This tells create index to use mypref as the datastore. Each of the classes has a parameters keyword to name a preference. The keyword is the same as the class name, except for SECTION_GROUP, whose keyword is the phrase "section group". You can specify multiple classes by simply tacking the keyword-preference pairs on the end of the string:
    parameters('datastore mypref filter myfilter')

Any user can use any preference. To specify a preference in another user's schema, simply add the owner name in the parameters string:

    parameters('datastore kenny.mypref')

Unlike previous versions, the index makes a copy of the preference settings, which means that after use in an index, the preference can be modified or dropped without affecting the index. Note that only the preference owner can modify or drop it.

The Default System

In the example above, only the datastore class is set. Since preferences were not specified for the other classes in the parameters string, they get their values from the default system.

The default system uses system parameters. System parameters are name- value pairs which apply to the interMedia Text installation as a whole -- kind of our version of init.ora. They can be seen in the view ctx_parameters.

The values for the parameters used by the default system are preference names. For instance, in our example we have not specified a lexer preference. interMedia gets the value of the system parameter DEFAULT_LEXER, and uses the preference named there. This allows the administrator to set the default behavior for the system.

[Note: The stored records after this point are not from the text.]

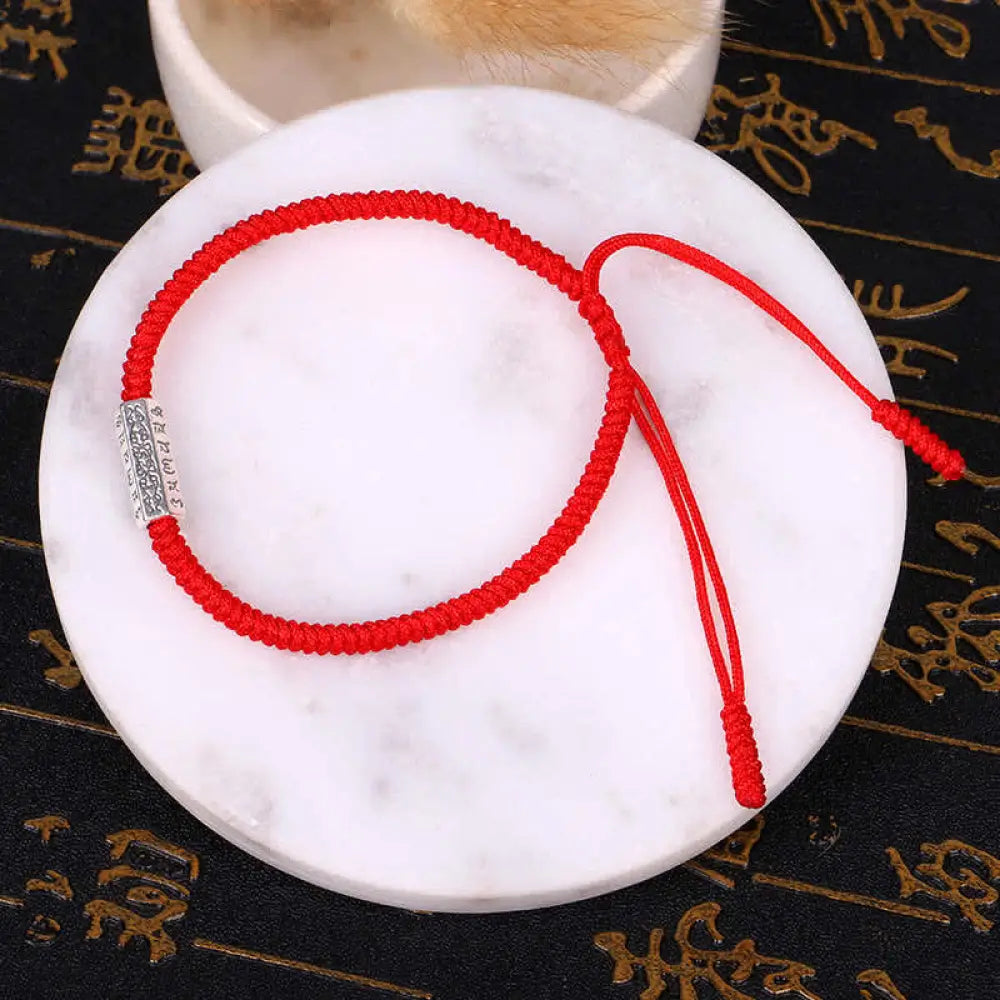 Buddha Stones Om Mani Padme Hum Luck Protection Red String Bracelet - BWOOOH - Red(Bracelet Size 16-28cm) - Bracelet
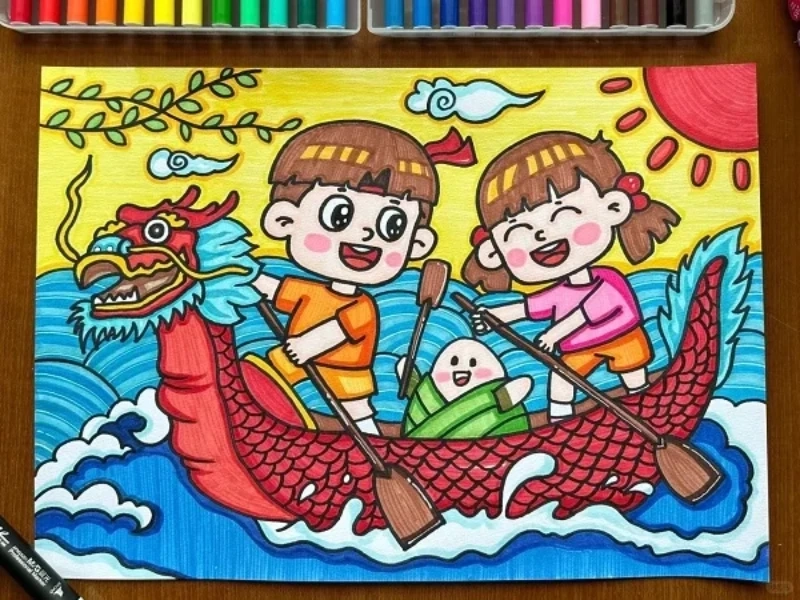 vẽ tranh lễ hội đua thuyền lớp 6 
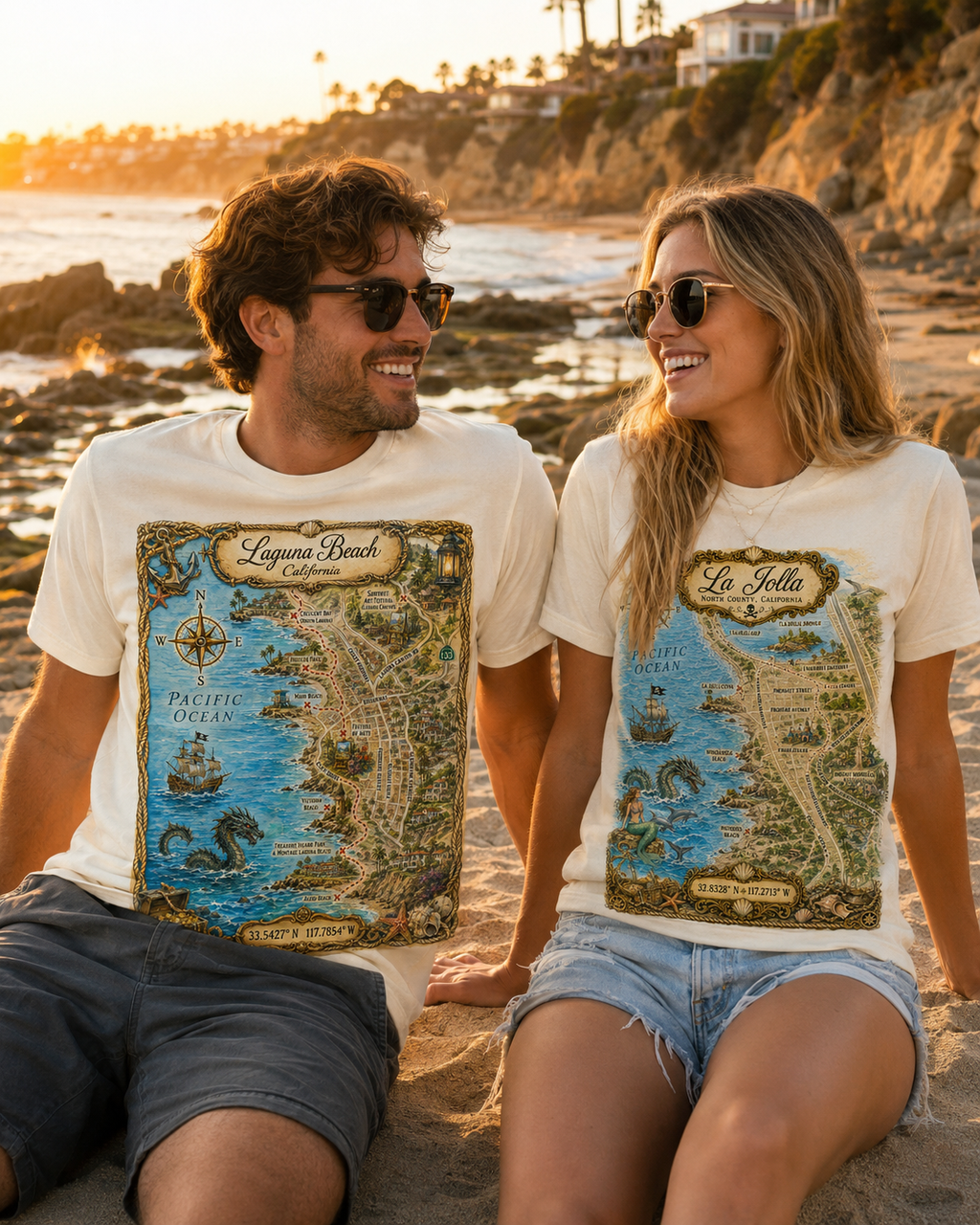 Treasure Map Tee - Laguna Beach Vintage Nautical Map Shirt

The set of parameters used by the default system are:

DEFAULT_DATASTORE The default datastore preference. At install time (the default default) it is set to CTXSYS.DEFAULT_DATASTORE, a preference which uses the DIRECT_DATASTORE object.
DEFAULT_FILTER_BINARY This is the filter preference to use when indexing binary datatypes such as RAW, LONG RAW, or BLOB. At install time it is set to CTXSYS.INSO_FILTER, which uses the INSO_FILTER object.
DEFAULT_FILTER_FILE This is the filter preference to use when indexing files, either BFILE or the FILE_DATASTORE. At install time it is set to CTXSYS.INSO_FILTER.
DEFAULT_FILTER_TEXT This is the filter preference to use when indexing text datatypes such as CHAR, VARCHAR2, or CLOB. At install time it is set to CTXSYS.NULL_FILTER, which does no filtering.
DEFAULT_SECTION_HTML This is the section group to use when the filter class uses the INSO filter, or the datastore uses the URL_DATASTORE. The INSO filter filters binary files to HTML (see filters). At install time it is set to CTXSYS.HTML_SECTION_GROUP, which merely converts the HTML to plain text.
DEFAULT_SECTION_TEXT This is the section group to use in all other cases. At install time it is set to CTXSYS.NULL_SECTION_GROUP, which does no sectioning.
DEFAULT_LEXER This is the default lexer preference. At install time it is set to CTXSYS.DEFAULT_LEXER. The definition of that preference is language-specific. See below for more details.
DEFAULT_WORDLIST This is the default wordlist preference. At install time it is set to CTXSYS.DEFAULT_WORDLIST. The definition of that preference is language-specific. See below for more details.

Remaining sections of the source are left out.